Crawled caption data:
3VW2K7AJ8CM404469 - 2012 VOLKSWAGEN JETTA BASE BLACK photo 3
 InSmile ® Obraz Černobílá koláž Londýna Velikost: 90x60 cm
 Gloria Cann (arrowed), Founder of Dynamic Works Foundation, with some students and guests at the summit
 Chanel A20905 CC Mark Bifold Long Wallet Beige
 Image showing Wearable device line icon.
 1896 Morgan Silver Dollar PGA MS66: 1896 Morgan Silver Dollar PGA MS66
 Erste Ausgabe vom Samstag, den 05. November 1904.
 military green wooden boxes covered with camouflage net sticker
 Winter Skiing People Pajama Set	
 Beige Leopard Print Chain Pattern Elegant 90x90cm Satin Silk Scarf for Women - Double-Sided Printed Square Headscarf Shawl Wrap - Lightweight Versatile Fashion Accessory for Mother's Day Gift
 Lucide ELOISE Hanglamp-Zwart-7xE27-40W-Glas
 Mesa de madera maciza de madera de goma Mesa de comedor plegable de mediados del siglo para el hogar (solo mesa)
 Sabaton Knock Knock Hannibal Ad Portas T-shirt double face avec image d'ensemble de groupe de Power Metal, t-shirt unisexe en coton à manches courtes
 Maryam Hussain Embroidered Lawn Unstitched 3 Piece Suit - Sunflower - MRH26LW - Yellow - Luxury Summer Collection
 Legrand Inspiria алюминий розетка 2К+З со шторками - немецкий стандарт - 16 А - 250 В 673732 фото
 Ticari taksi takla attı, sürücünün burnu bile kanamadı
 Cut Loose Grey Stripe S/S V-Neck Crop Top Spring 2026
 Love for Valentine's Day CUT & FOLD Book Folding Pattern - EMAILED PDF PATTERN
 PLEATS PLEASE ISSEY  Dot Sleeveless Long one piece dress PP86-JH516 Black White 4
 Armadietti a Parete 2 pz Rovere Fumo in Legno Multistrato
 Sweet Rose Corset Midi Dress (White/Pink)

[Aim of the task]: Nothing but a number should be given: the count of lines above that include the string "White".

[Exercise result]: 2